Crawled caption data.
────
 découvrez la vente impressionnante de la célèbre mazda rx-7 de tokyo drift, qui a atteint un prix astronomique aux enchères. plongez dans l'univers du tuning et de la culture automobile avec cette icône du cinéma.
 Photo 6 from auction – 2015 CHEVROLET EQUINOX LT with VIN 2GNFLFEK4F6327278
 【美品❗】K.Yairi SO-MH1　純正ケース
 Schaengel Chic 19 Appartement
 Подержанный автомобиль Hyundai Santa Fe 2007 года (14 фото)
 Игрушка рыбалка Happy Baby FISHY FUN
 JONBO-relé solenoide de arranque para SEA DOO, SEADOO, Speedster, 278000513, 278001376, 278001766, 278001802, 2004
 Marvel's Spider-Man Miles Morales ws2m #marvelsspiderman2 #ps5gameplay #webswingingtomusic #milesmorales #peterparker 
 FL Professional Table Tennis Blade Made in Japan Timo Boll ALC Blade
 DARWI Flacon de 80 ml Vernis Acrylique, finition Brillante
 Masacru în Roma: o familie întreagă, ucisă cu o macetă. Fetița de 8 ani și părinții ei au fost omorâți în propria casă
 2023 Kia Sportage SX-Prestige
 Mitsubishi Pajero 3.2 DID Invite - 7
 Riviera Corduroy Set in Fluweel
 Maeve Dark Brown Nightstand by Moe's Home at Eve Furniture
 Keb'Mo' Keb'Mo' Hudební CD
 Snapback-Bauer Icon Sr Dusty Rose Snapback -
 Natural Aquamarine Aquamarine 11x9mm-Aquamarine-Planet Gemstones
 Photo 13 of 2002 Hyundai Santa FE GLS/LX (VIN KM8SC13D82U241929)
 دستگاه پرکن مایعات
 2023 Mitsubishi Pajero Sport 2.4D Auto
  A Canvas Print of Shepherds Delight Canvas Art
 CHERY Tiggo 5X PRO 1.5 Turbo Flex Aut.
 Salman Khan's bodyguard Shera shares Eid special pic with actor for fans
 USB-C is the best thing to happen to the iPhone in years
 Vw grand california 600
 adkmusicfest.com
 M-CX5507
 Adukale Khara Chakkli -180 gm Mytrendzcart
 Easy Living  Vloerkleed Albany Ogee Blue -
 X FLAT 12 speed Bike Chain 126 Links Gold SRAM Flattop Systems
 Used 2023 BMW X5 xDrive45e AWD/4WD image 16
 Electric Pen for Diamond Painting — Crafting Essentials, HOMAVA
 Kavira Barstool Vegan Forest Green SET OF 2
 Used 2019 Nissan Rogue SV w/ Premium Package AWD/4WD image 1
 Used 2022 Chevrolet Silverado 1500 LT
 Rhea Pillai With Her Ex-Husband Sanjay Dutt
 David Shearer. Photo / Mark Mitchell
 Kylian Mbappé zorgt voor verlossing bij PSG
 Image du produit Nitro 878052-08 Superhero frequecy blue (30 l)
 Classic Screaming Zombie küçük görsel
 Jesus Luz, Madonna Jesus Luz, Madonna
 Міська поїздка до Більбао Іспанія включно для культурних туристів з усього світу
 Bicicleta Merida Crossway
────
WORK INSTRUCTION. Out of the records, collect only those lines that contain the string "Photo".

ANSWER TO THE EXERCISE.
 Photo 6 from auction – 2015 CHEVROLET EQUINOX LT with VIN 2GNFLFEK4F6327278
 Photo 13 of 2002 Hyundai Santa FE GLS/LX (VIN KM8SC13D82U241929)
 David Shearer. Photo / Mark Mitchell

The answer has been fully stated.